しかし、ともかくも頑張って勉強すればいい大学に入れていい企業に入れて幸せになれるよという素朴な将来方針が危うくなってきたぞどうするよこれは、という気分を表現するにはそこそこ成功しているとも思いました。
実証研究としては、一例として、重回帰分析で有意とされた変数のうち特定のものを、さらに別扱いして層別に比率を出し、

その比率の多少の差が、重回帰分析においては変数間の関連性として表れているにすぎないのである。

と、そもそもの重回帰分析の結果を否定しているところがある*1など、突っ込みどころというかずっこけどころが随所にあります。
何となく著者ご本人も自信がないのだろうな(というか、突っ込みどころ満載だと思うけれどもでも述べるわという旨の記述がある)ということはひしひしと感じられる一冊でしたが、「<第5章>女性たちの選択−自分が戦うか、子どもに戦わせるか−」では一転して生き生きととんがった筆致で、読むべきところはあると思います。
まあなんと言いますか、一読して先日見かけたあるツイートを思い出しました。

勉強はがんばるだけで成績が伸びるから楽って、6年生の娘がしみじみいうてた。そろそろ恋とかしてるんやろかな。

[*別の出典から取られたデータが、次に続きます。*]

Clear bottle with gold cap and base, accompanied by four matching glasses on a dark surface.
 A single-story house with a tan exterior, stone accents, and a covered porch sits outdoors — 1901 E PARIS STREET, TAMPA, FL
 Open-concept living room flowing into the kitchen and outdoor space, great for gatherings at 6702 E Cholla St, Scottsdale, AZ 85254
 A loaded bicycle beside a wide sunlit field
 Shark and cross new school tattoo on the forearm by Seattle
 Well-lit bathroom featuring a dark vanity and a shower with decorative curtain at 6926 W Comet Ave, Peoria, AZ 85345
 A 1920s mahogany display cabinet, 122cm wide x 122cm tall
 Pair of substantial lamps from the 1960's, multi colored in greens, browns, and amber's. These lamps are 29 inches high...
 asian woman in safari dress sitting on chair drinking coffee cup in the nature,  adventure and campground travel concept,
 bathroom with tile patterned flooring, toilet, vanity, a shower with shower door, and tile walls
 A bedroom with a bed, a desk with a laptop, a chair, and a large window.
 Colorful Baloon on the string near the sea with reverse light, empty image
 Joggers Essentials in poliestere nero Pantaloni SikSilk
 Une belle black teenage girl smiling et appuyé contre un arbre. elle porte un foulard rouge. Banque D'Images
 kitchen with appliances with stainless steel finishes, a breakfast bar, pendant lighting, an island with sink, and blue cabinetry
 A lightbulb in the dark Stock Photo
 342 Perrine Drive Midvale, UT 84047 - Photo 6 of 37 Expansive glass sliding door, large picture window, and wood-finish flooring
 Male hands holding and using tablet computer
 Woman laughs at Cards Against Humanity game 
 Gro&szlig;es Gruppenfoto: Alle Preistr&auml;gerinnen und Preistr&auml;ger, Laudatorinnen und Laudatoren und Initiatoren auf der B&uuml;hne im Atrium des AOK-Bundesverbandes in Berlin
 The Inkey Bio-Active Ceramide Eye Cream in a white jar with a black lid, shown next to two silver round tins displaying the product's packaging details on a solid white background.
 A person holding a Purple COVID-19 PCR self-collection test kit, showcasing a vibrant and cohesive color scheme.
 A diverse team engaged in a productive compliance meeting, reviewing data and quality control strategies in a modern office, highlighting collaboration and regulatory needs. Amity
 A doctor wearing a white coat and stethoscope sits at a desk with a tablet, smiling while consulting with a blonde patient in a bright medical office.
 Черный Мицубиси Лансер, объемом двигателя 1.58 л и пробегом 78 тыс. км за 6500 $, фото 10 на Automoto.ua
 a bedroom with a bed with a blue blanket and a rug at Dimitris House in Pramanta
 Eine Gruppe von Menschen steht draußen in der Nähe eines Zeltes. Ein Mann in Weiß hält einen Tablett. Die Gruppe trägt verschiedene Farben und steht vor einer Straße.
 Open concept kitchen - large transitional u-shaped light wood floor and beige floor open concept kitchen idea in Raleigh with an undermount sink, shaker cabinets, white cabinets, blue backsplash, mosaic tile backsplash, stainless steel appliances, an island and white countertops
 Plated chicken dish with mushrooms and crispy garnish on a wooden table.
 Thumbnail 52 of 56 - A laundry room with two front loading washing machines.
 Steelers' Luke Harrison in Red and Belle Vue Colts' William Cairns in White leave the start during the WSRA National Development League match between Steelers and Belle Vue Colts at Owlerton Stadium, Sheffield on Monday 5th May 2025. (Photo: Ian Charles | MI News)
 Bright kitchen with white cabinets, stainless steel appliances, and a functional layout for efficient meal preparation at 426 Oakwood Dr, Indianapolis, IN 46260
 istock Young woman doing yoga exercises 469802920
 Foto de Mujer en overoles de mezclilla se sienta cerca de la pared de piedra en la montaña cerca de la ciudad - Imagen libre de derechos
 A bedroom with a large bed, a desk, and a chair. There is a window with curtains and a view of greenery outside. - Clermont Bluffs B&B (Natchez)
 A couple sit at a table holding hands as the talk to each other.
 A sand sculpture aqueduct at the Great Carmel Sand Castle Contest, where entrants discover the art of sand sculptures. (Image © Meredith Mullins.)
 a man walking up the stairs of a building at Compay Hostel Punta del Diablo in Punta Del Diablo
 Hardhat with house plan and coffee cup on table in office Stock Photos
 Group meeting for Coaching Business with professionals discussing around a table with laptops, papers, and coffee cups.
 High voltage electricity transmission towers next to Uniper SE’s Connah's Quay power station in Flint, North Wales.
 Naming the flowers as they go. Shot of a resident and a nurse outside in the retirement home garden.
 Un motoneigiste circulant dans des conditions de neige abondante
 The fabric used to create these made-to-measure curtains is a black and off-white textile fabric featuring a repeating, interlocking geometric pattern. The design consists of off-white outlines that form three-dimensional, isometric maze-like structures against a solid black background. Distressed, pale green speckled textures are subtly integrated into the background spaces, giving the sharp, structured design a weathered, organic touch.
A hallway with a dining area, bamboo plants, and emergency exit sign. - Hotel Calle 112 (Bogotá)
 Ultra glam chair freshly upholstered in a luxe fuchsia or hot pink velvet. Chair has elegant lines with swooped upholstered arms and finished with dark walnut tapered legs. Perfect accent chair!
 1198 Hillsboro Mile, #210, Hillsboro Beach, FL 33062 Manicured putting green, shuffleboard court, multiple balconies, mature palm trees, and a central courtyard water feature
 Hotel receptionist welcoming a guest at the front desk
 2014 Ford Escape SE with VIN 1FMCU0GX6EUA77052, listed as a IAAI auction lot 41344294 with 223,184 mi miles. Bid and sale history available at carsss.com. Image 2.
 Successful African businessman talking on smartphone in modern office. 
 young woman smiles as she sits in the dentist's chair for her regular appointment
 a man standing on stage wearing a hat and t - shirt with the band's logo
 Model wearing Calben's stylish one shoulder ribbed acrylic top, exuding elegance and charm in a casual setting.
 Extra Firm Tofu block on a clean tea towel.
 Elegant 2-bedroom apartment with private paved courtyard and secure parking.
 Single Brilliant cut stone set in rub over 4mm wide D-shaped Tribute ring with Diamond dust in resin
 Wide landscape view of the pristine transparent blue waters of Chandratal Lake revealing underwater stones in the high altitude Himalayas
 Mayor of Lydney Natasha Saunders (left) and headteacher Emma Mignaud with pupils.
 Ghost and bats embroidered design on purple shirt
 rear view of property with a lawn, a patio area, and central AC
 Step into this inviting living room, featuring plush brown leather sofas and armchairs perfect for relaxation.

https://twitter.com/as_expected/status/331787258606792704

そしてかーら先生のマンガに出てくる主人公たちも。

*1:なぜ否定するかというと、その変数が独立変数として有意であることは本書での「持論(あえて仮説と言わない)」に一致しないから;一方、同時に有意であった「持論」を支持する変数についてはそのまま肯定されている。